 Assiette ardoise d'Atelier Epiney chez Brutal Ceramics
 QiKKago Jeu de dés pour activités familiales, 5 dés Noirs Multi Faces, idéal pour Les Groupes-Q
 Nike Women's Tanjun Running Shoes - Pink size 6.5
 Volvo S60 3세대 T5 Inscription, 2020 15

ASSIGNMENT |
Once more, set down the full listing, verbatim.

ANSWER BOX |
 Assiette ardoise d'Atelier Epiney chez Brutal Ceramics
 QiKKago Jeu de dés pour activités familiales, 5 dés Noirs Multi Faces, idéal pour Les Groupes-Q
 Nike Women's Tanjun Running Shoes - Pink size 6.5
 Volvo S60 3세대 T5 Inscription, 2020 15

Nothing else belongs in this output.